Procedure of closing the account depends on the type, i.e. category which the account identifies.

• Accounts of revenues and expenses are closed with mutual matching when determining
performance of business operations.

• Accounts of assets and liabilities are closed in the following manner: first debit and credit turnover
of accounts is determined, and after that, settlement balance is determined as a difference between
debit and credit side

RELATIONSHIP OF JOURNAL AND GENERAL LEDGERS

• Journal and general ledger present the same business events - the values of presented in those
records must be identical.

• Trial balance represents a recapitulation of balance and turnover of all accounts of general ledger.

• Inventory is list of all the assets at the end of a business year.

INVENTORY

Inventory is performed in the following cases:

• at the beginning of business operations,

• at the end of each business year,

• once statutory changes occur,

• when change in prices of products or goods occur,

• in case of opening the procedure of bankruptcy and liquidation.


Inventory procedure is performed in several phases:

 preparatory activities;

 determining real balance and its comparison with the balance in bookkeeping records;

 preparing inventory reports;

 consideration and making decisions regarding inventory reports.

Preparatory activities

• organization of inventory commissions,

• preparation of inventory lists,

• preparation of warehouse for inventory

• Inventory of borrowed assets, goods in the commission...

• Inventory of receivables from customers of liabilities towards suppliers...

• Reports on performed inventory...

TRIAL / GROSS BALANCE

Gross balance represents presentation of balance and turnover of all accounts of general ledger.
Gross balance comprised of names of accounts and following columns:

 balance at the beginning of reporting period (opening balance),

 turnover during the reporting period,

 total turnover

 balance of accounts at the end of the reporting period (closing balance).
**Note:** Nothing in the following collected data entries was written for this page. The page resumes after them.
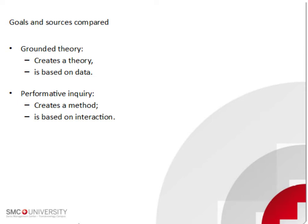My methodology was performative inquiry, which belonged to the non-representative action approaches. As such, the goal was different. It aimed towards the creation of methods, and it did this through performance and interaction.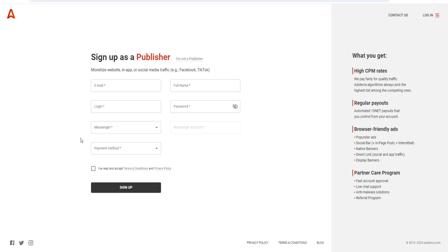Adsterra sign up - how to create an Adsterra account, how to register, and of course how to make money with Adsterra as well.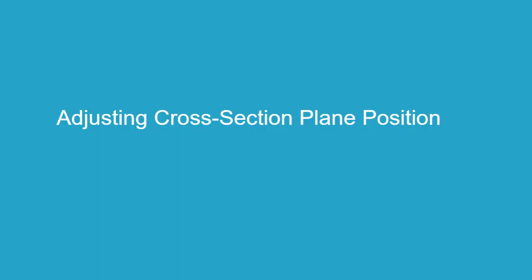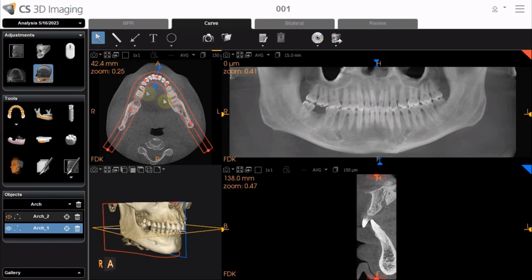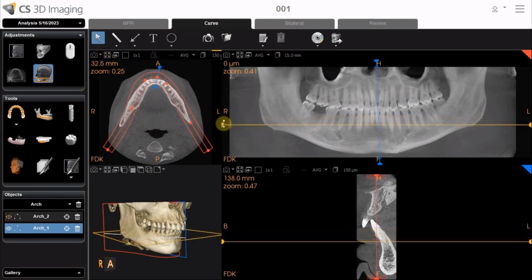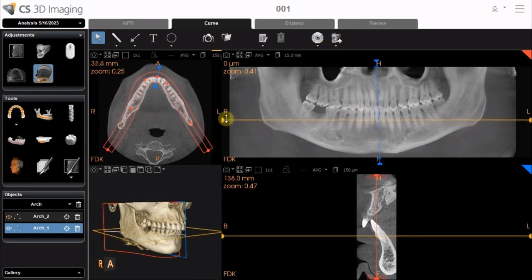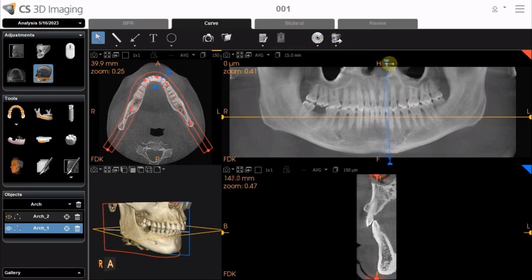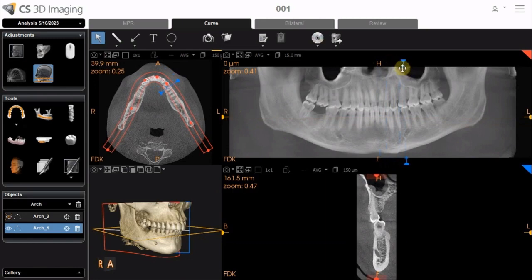Adjusting Cross-Section Plane Position. Click to activate Select Mode. Then, use the yellow and blue handles in the reconstructed panoramic view to adjust the position of the cross-section plane. The position of the axial slice cross-section plane is updated dynamically in all view screens.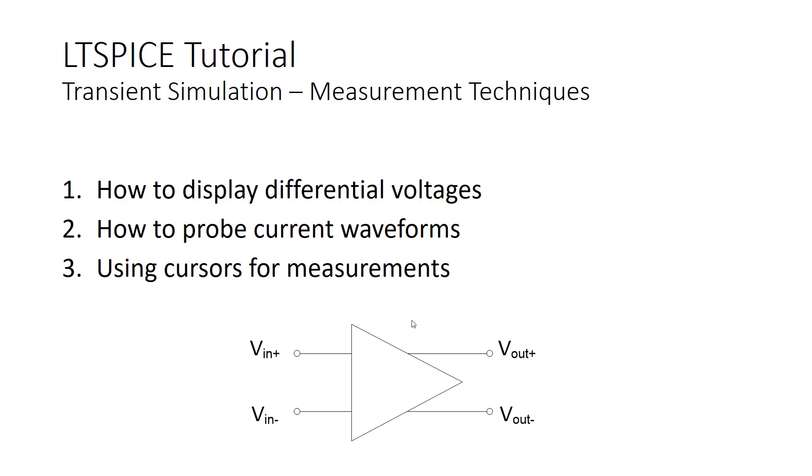In this LTSpice tutorial, we're going to look at measurement techniques that will be illustrated using transient simulations, but it's also applicable to other types of simulations, such as AC simulation.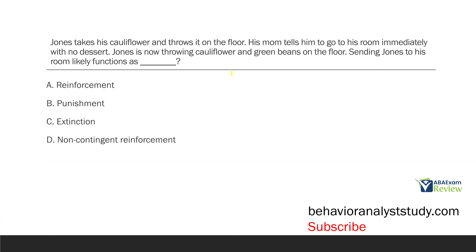Jones takes his cauliflower and throws it on the floor. His mom tells him to go to his room immediately with no dessert. Jones is now throwing cauliflower and green beans on the floor. Sending Jones to his room likely functions as blank. Pretty straightforward consequence question. We're looking at the consequence and what the question wants to know about sending Jones to his room. Jones throws the cauliflower — that's the response — and as the consequence, his mom makes him go to his room immediately with no dessert. When identifying what type of consequence it is, we always look at how it affects future behavior.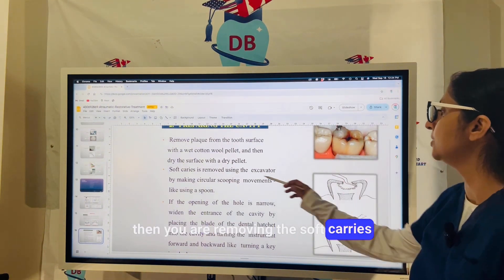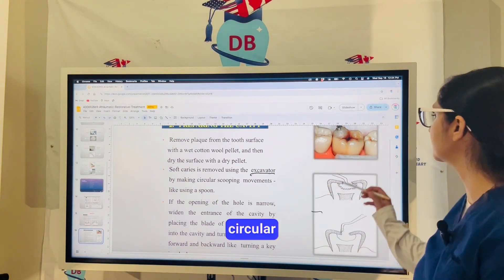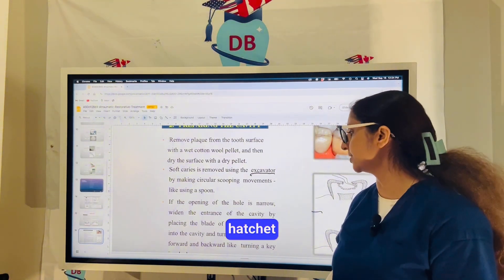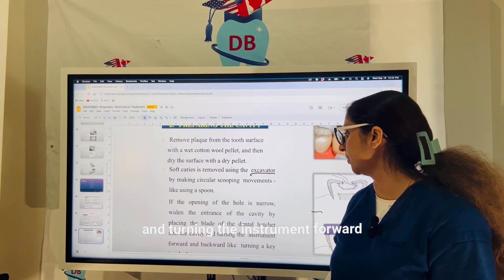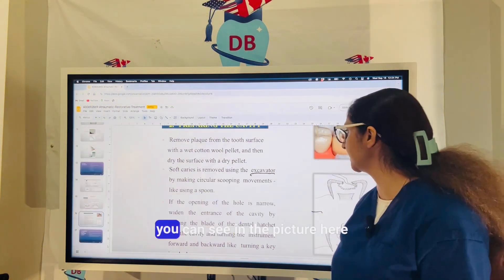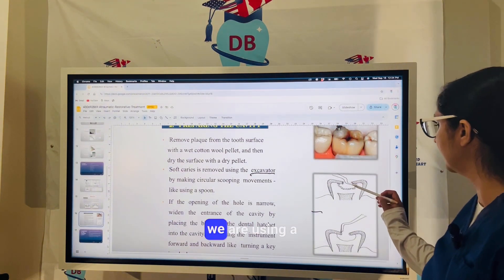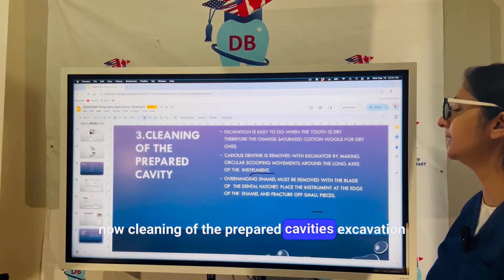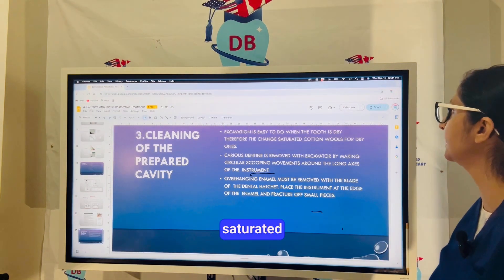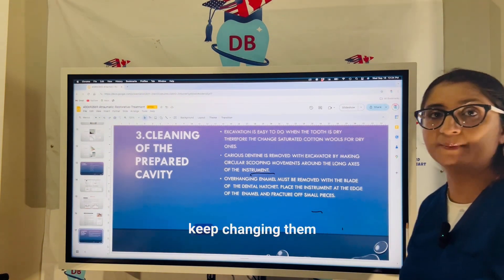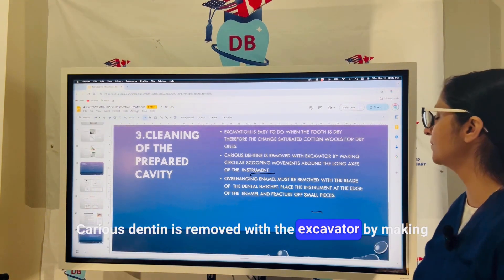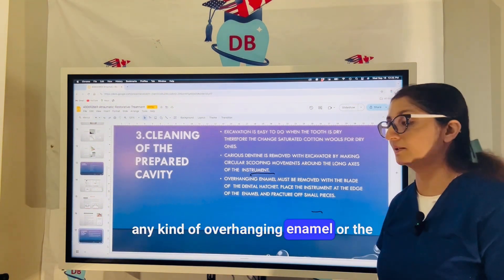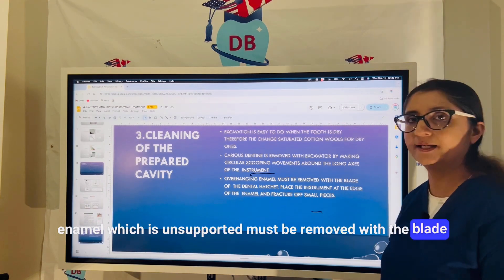Soft caries are removed using the spoon excavator with circular scooping motions. If the opening of the hole is narrow, the entrance is widened by inserting the blade of the hatchet into the cavity and turning the instrument forward and backward like turning a key, as seen in the picture. Excavation is easier when the tooth is dry, so cotton wools should be changed regularly. Carious dentine is removed using circular scooping movements around the long axis, and any unsupported enamel must be removed with the blade of the hatchet.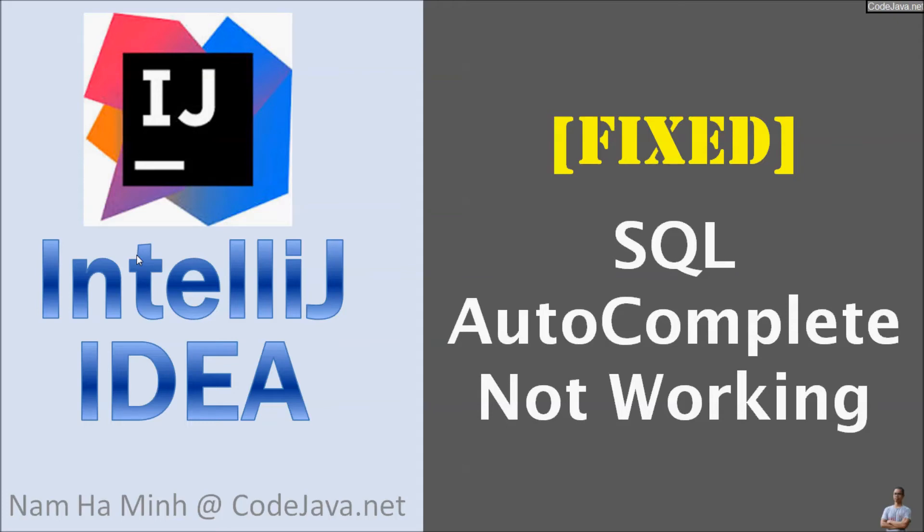Hello guys, in this video I'm going to show you how to fix the issue of SQL autocomplete not working in IntelliJ IDEA.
LIMITATIONS OF A TRIAL BALANCE

A trial balance does not prove that all transactions have been recorded or that the ledger is correct.
Numerous errors may exist even though the trial balance columns agree. The trial balance may
balance even when

1. a transaction is not journalized,

2. a correct journal entry is not posted,

3. a journal entry is posted twice,

4. incorrect accounts are used in journalizing or posting,

5. offsetting errors are made in recording the amount of the transaction.